DATASET CONTENT:

━━━━━━━━━━━━━━━━━━━━━━━━━━━━━━

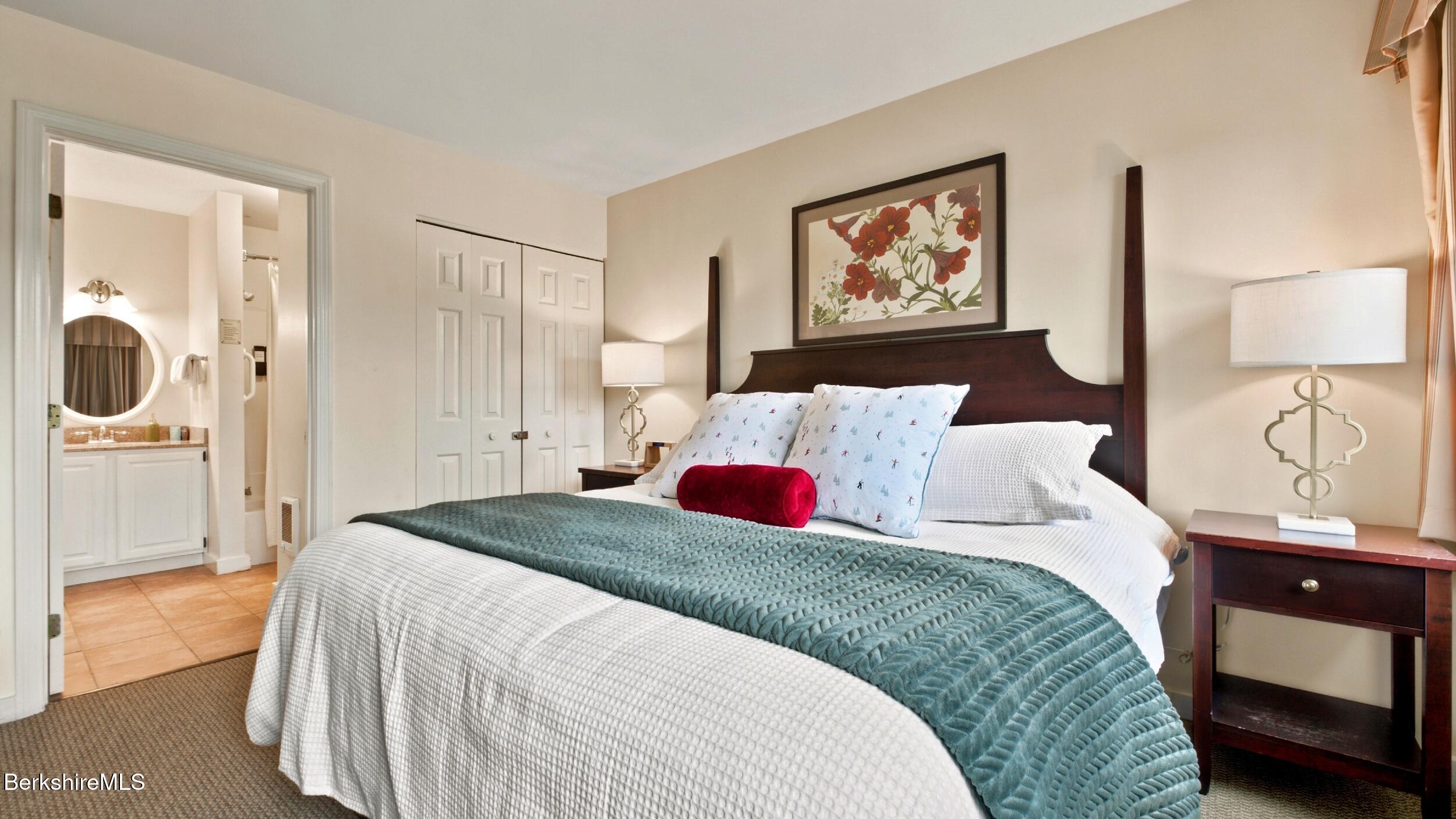 37 Corey Road, Unit 516 Hancock, MA 01237 - Photo 10 of 18 DSC00017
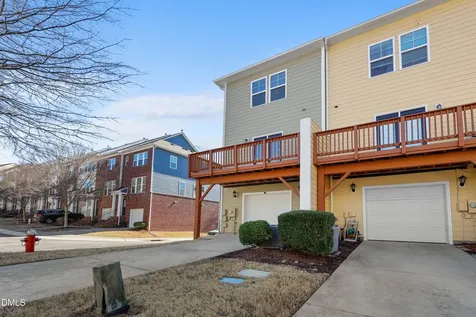 3017 Summerhouse Road Cary NC 27519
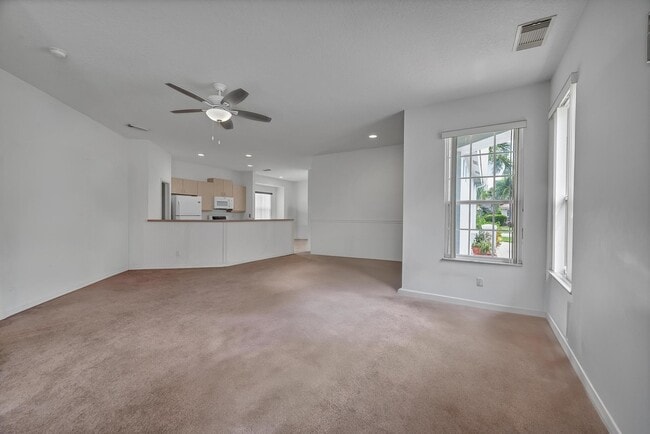 Building Photo - 511 SW Treasure Cove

━━━━━━━━━━━━━━━━━━━━━━━━━━━━━━

YOUR INSTRUCTIONS:
Exactly the lines from the one with "3017 Summerhouse Road Cary NC 27519" through the end of the listing above are to be repeated, with no pictures.

SOLVED EXERCISE:
 3017 Summerhouse Road Cary NC 27519
 Building Photo - 511 SW Treasure Cove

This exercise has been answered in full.